Now a few days after he had got so wet in the heavy rain, though the weather was hot, Robinson felt very cold and shivery, and had pains all over his body, and at night he dreamed terrible dreams. The following day, and many days, he lay very ill with fever and ague, and hardly knew what he was doing. So weak was he, that he believed he was dying, and there was no one to give him water to quench his thirst, nor to help him in any way. His only medicine was rum, in which he had soaked tobacco. It was very nasty, and made him sick, but it also made him sleep for more than a whole day and a night, and he woke much better, and able to walk about a little, though for a fortnight he was too weak to work. From this illness he learned not to go out more than he could help during the rainy season.

When he was again quite strong, Robinson started to explore the island better than he had yet done, and he found many things growing, of which he made great use afterwards, tobacco, sugar-cane, and all manner of fruits, among them grapes, which he used to dry to raisins in the sun in great quantities.

Near the spot where the most fruit grew, he built a hut, and round it, for safety, he put a double fence made of stakes cut from some of the trees near at hand. During the next rainy season these stakes took root, and grew so fast that soon nothing of the hut could be seen from outside the hedge, and it made so good a hiding-place, that Robinson cut more stakes of the same kind, and planted them outside the fence around his first dwelling; and in a year or two that also was quite hidden from view. The twigs of this tree, too, were good for making baskets, of which he had been in great need.

When he had finished all this work, he started again to go over the rest of the island, and on his way across, from a hill, the day being very clear, he saw high land a great way off over the water, but whether it was another island, or the coast of America, he could not be sure.

When he reached the other side of his island Robinson found the beach covered with turtles in astonishing numbers, and he thought how much better off he would have been if he had been cast ashore here, for not only would the turtles have supplied him with plenty of food, but there were far more birds than on the part of the island where he had been living, and far more goats.

During the journey back to his castle he caught a young parrot, which, after a long time, he taught to speak and to call him by his name. It was so long since he had heard any voice, that it was a comfort to listen even to a parrot talking.

Now, the sight which Robinson had had of the far distant land raised in him again the great longing to get away from this island where he had been so long alone, and he wished greatly for a boat. He went over to the remains of the boat in which he and the others had tried to come ashore when their ship struck on the sand-bank, and which had been flung far up on the beach by the sea, and he worked for weeks trying to repair her and to get her into the water. But it was all of no use; he could not move her.

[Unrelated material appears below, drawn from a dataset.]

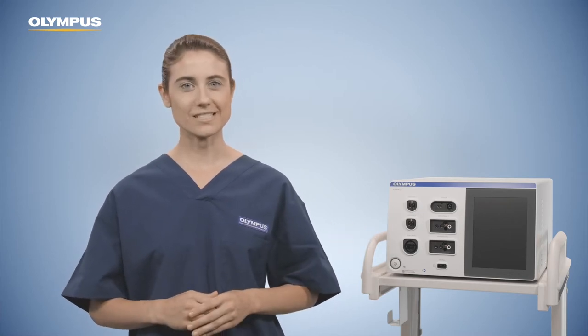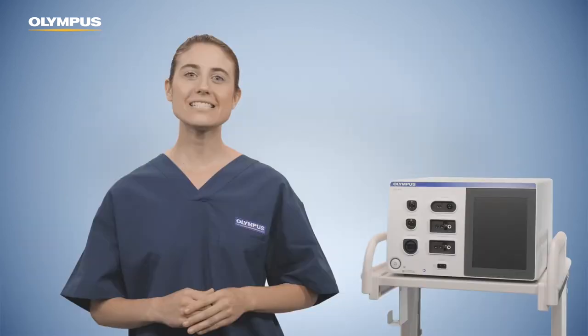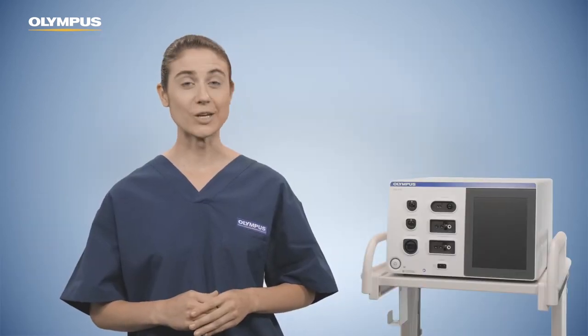Welcome to the ESG 410 In-Service video. In conjunction with accessories and instruments, the electrosurgical generator, ESG 410, is intended for cutting and coagulation in open, laparoscopic and endoscopic surgery.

Then, he thought, "I'll cut down a tree, and make a new boat." This he fancied would be easy, for he had heard how the Indians make canoes by felling a tree and burning out the inside. "If they can do it, then surely I can do it even better," he thought. So he looked about, and chose a huge tree which stood about a hundred yards from the water, and with great labor in about three weeks he had cut it down.

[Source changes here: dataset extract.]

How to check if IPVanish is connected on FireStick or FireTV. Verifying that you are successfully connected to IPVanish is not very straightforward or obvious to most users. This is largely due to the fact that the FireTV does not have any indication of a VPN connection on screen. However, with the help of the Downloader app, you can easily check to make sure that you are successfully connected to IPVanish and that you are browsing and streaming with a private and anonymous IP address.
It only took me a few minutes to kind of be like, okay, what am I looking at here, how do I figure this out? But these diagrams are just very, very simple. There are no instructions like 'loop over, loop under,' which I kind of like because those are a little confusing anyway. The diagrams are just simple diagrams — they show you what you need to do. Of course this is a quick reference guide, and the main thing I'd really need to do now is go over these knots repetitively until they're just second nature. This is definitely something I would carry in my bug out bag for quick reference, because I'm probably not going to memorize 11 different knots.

Four months Robinson worked at this boat, thinking all the time of what he would do when he reached the far distant land, and much pleased with himself for the beautiful boat he was making. Day after day he trimmed and shaped it, and very proud he was when it was finished and lay there on the ground, big enough to carry twenty men.

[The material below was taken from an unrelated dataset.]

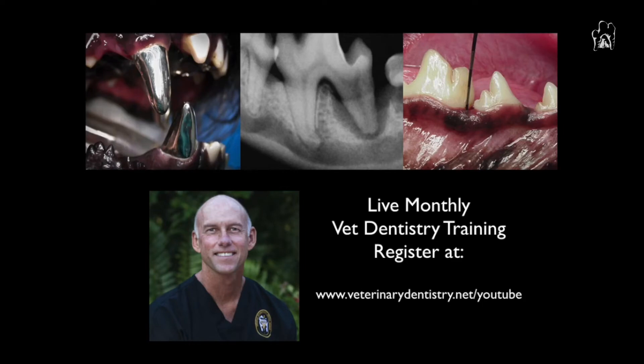I'm Brett Beckman, I'm a veterinary dentist, and if you like this video, I know you're going to love our 90-minute online training that we do monthly, which will take you through all the obstacles that you face in your dentistry service, get you through those, and make your practice more efficient. Join us by registering at the link that you see in this video or at www.veterinarydentistry.net.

Then he started to get her into the water. But that was quite another thing. By no means in his power could he move her an inch, try as he might. She was far too big. Then he began to dig a canal from the sea to the boat; but before he had got much of that work done, he saw clearly that there was so much earth to dig away, that, without some one to help him, it must take years and years before he could get the water to the boat. So he gave it up, and left her to lie and rot in the sun and the rain—a great grief to him.